Hi Guys,
There is a cudnn issue on TX2, here is the background and issue:
My application is a CV related application ,using tensorflow as framework, and porting this app to TX2, I did some profling, and found it was 75% time on conv, and from the kernel’s name, I learned tf.conv using cudnn, and 50% total time is a kernel named :
maxwell_scudnn_128x128_stridedB_splitK_small_nn
And after compare the kernel performance in nvvp 's profiling report, I found the GPU utilization only 60% on tx2, but same kernel can archive 95% in GTX 1080ti.
And I checked some detail in profile report, and found the root cause was the active block in 1080ti was 2, but in tx2 it was 1. and limit factor is shared memory:
quote the report :
The kernel uses 34 KiB of shared memory for each block. This shared memory usage is likely preventing the kernel from fully
utilizing the GPU. Device “NVIDIA Tegra X2” is configured to have 64 KiB of shared memory for each SM. Because the kernel
uses 34 KiB of shared memory for each block each SM is limited to simultaneously executing 1 block (8 warps).

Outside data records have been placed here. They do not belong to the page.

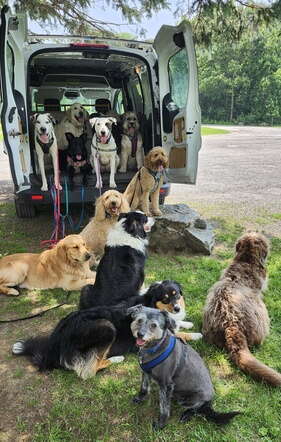 Eleven dogs sit inside the back of a van and on the grass behind it.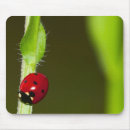 Buscar ladybeetle Mariquita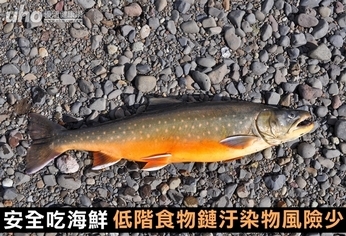 安全吃海鮮 低階食物鏈汙染物風險少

Chart “Varying
Shared Memory Usage” below shows how changing shared memory usage will change the number of blocks that can execute on
each SM.
Optimization: Reduce shared memory usage to increase the number of blocks that can execute on each SM. You can also increase
the number of blocks that can execute on each SM by increasing the amount of shared memory available to your kernel. You do
this by setting the preferred cache configuration to “prefer shared”.
but in 1080ti, the limited factor is register
GPU Utilization Is Limited By Register Usage
The kernel uses 128 registers for each thread (32768 registers for each block). This register usage is likely preventing the kernel
from fully utilizing the GPU. Device “GeForce GTX 1080 Ti” provides up to 65536 registers for each block. Because the kernel
uses 32768 registers for each block each SM is limited to simultaneously executing 2 blocks (16 warps). Chart “Varying Register
Count” below shows how changing register usage will change the number of blocks that can execute on each SM.
Optimization: Use the -maxrregcount flag or the launch_bounds qualifier to decrease the number of registers used by each
thread. This will increase the number of blocks that can execute on each SM. On devices with Compute Capability 5.2 turning
global cache off can increase the occupancy limited by register usage.
So, could some cudnn guys can check this issue, only reduce 2K share memory usage can speed up 2x in tx2 ?